Data shown:
<<<<
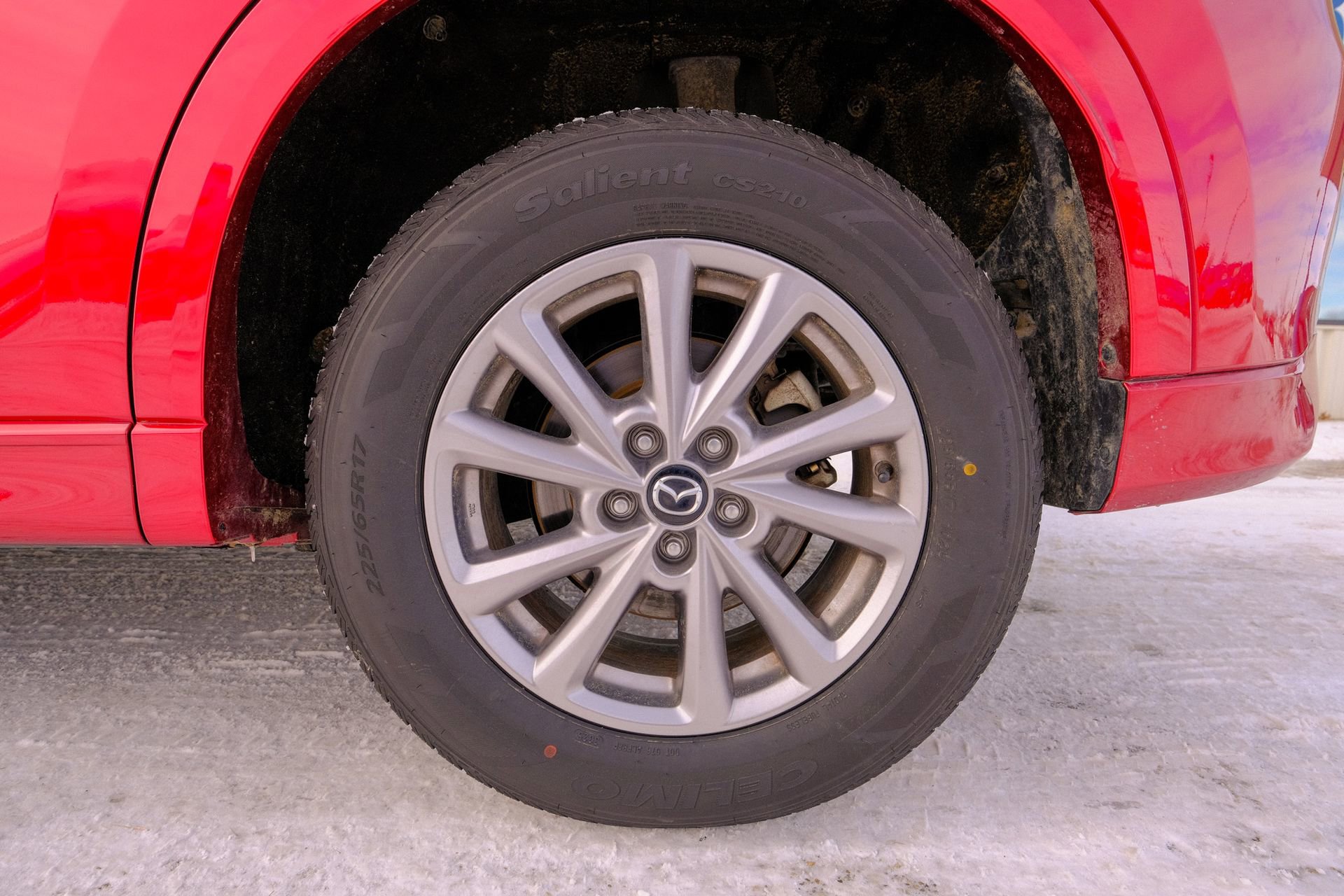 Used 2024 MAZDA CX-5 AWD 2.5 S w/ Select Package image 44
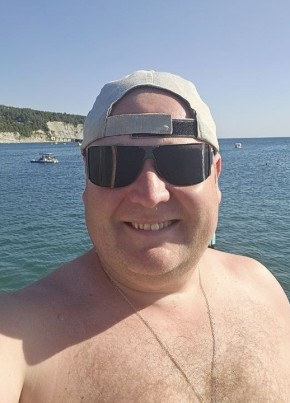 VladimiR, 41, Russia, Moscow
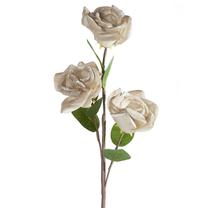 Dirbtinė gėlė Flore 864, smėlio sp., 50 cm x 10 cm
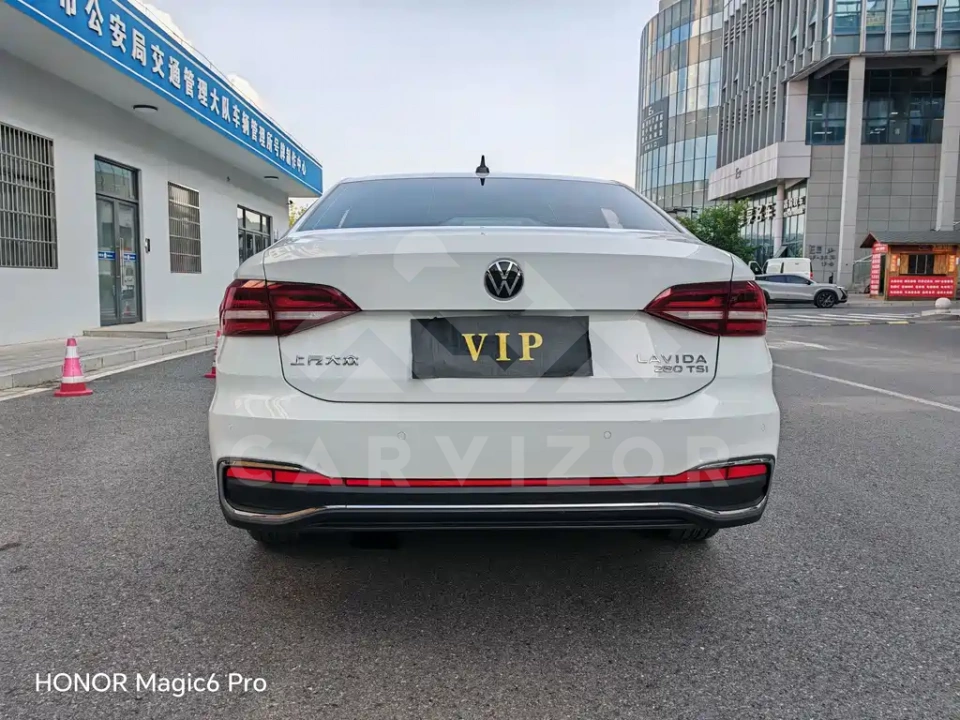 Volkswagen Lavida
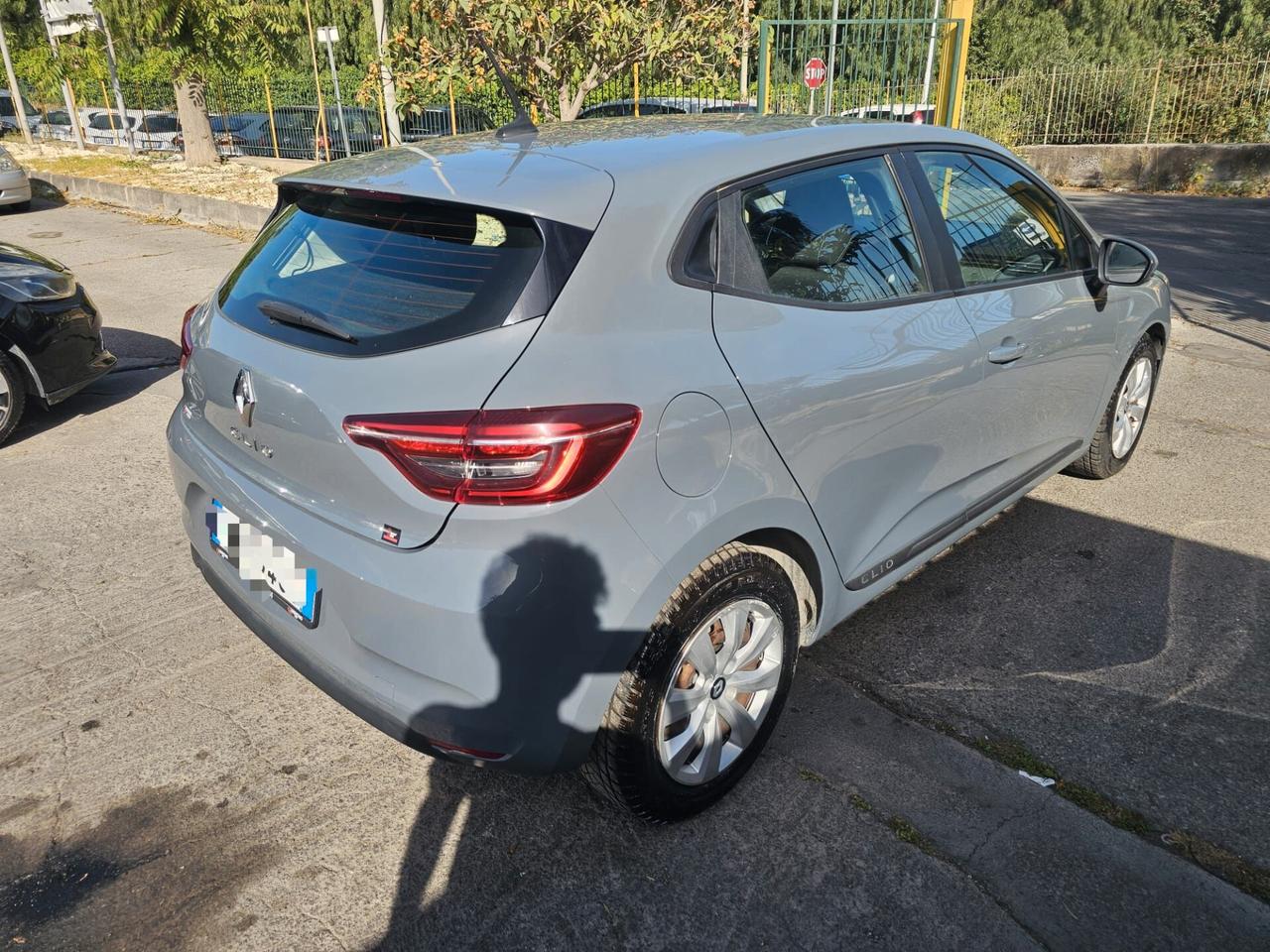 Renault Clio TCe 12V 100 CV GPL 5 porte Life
>>>>
<<<<
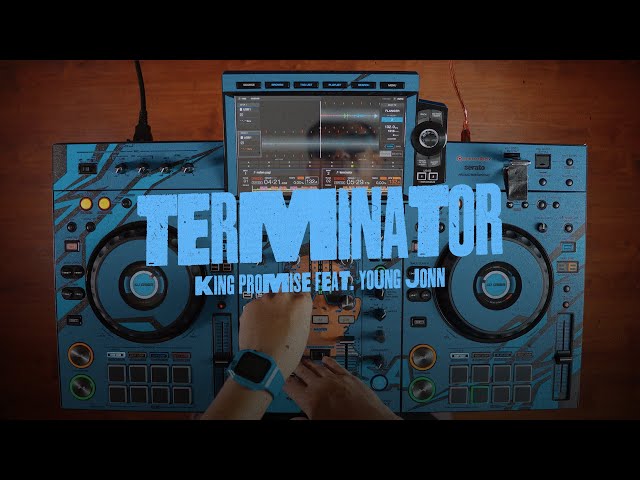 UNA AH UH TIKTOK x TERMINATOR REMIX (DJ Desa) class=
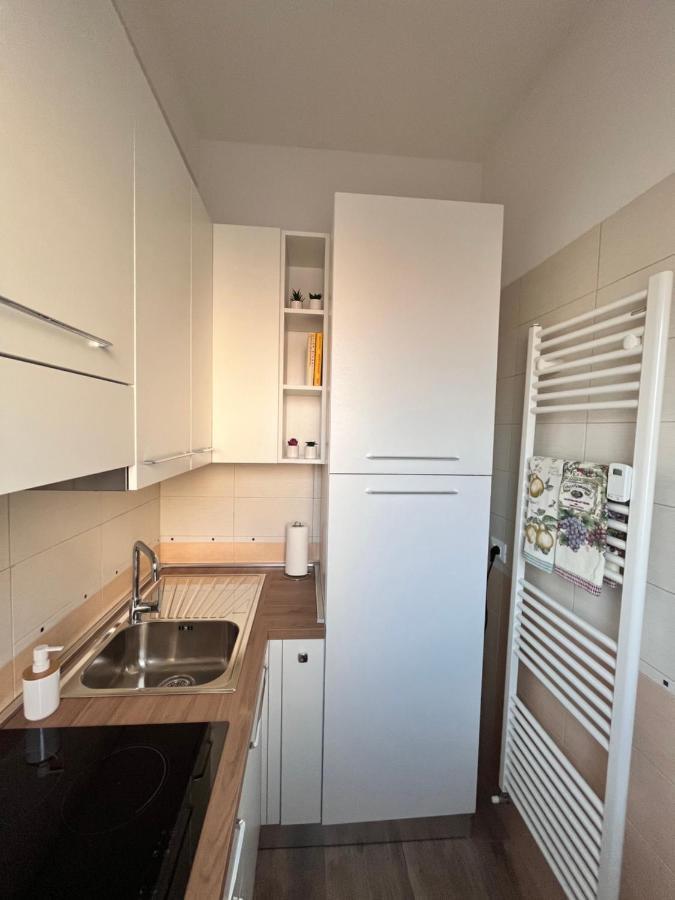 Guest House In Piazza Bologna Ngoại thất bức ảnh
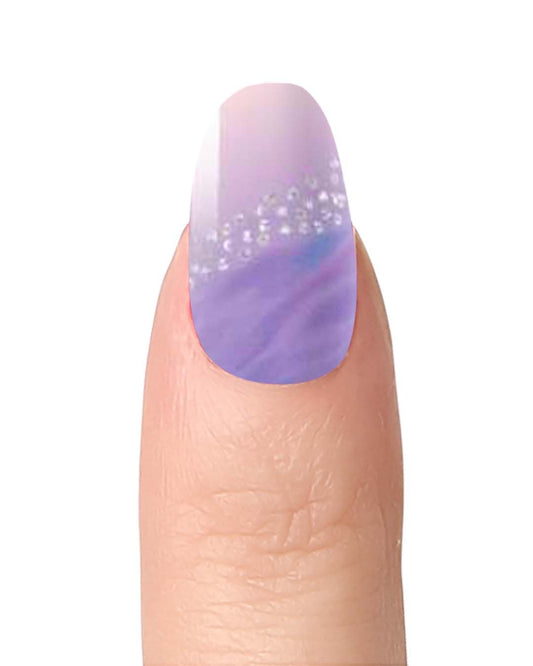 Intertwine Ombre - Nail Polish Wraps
>>>>
Prompt: Copy word for word the lines above, starting at the line containing "Volkswagen Lavida" and ending at the line containing "Renault Clio TCe 12V 100 CV GPL 5 porte Life", inclusive, with no pictures.

Response area:
 Volkswagen Lavida
 Renault Clio TCe 12V 100 CV GPL 5 porte Life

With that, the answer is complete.